• INPUT DATA
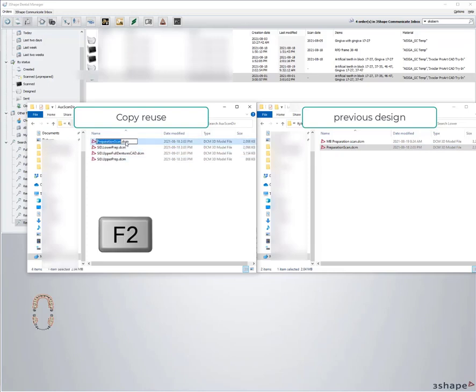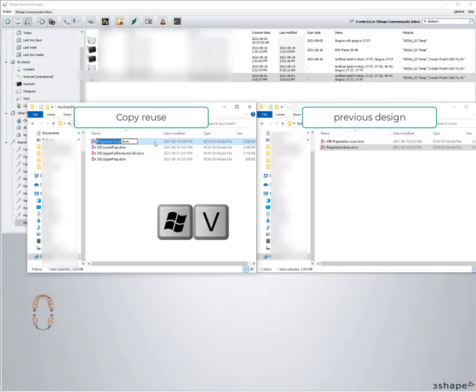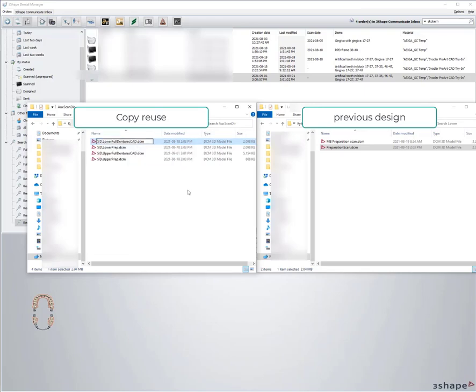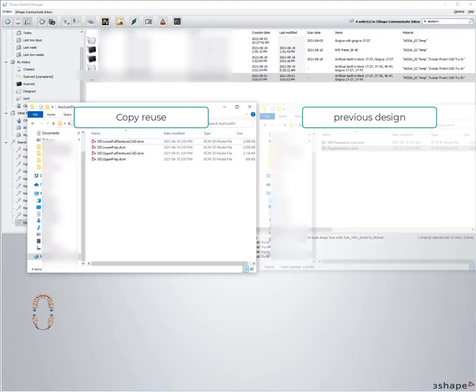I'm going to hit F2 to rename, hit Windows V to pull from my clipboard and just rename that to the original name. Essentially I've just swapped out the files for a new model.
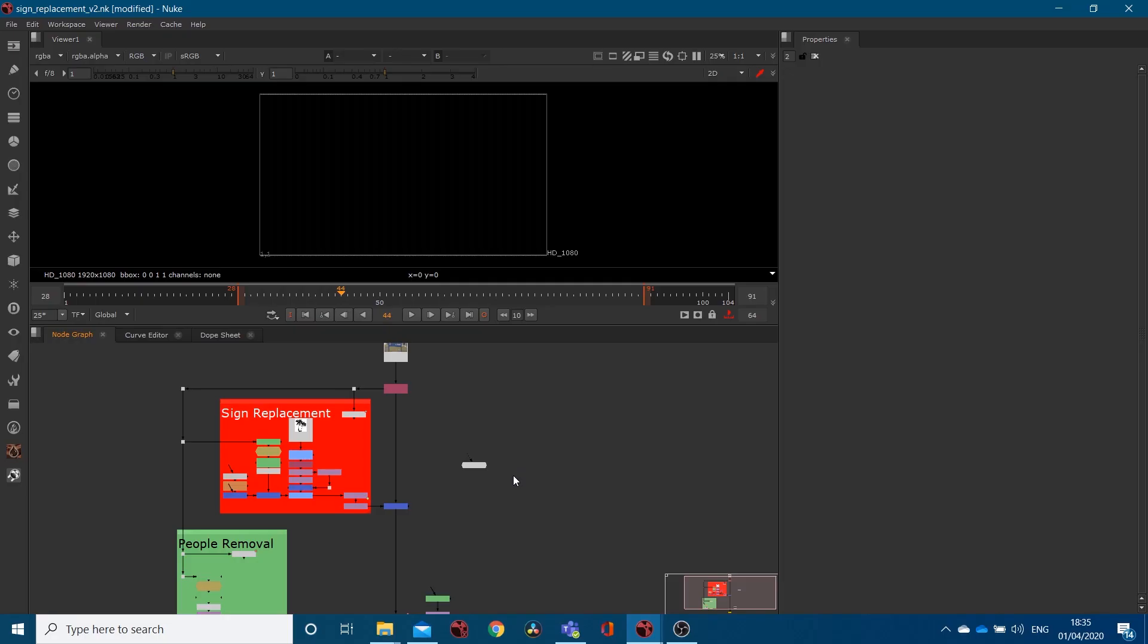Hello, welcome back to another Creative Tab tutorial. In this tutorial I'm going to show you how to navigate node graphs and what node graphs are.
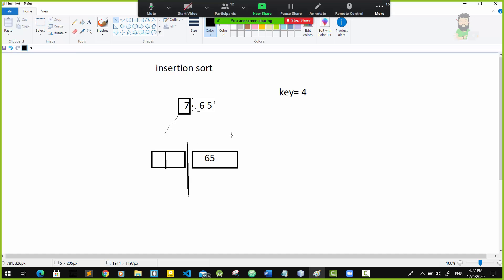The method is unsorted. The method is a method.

• WORK INSTRUCTION
Please output every line of the listing as it stands, and omit its images.

• ANSWER FOR THE TASK
I'm going to hit F2 to rename, hit Windows V to pull from my clipboard and just rename that to the original name. Essentially I've just swapped out the files for a new model.
Hello, welcome back to another Creative Tab tutorial. In this tutorial I'm going to show you how to navigate node graphs and what node graphs are.
The method is unsorted. The method is a method.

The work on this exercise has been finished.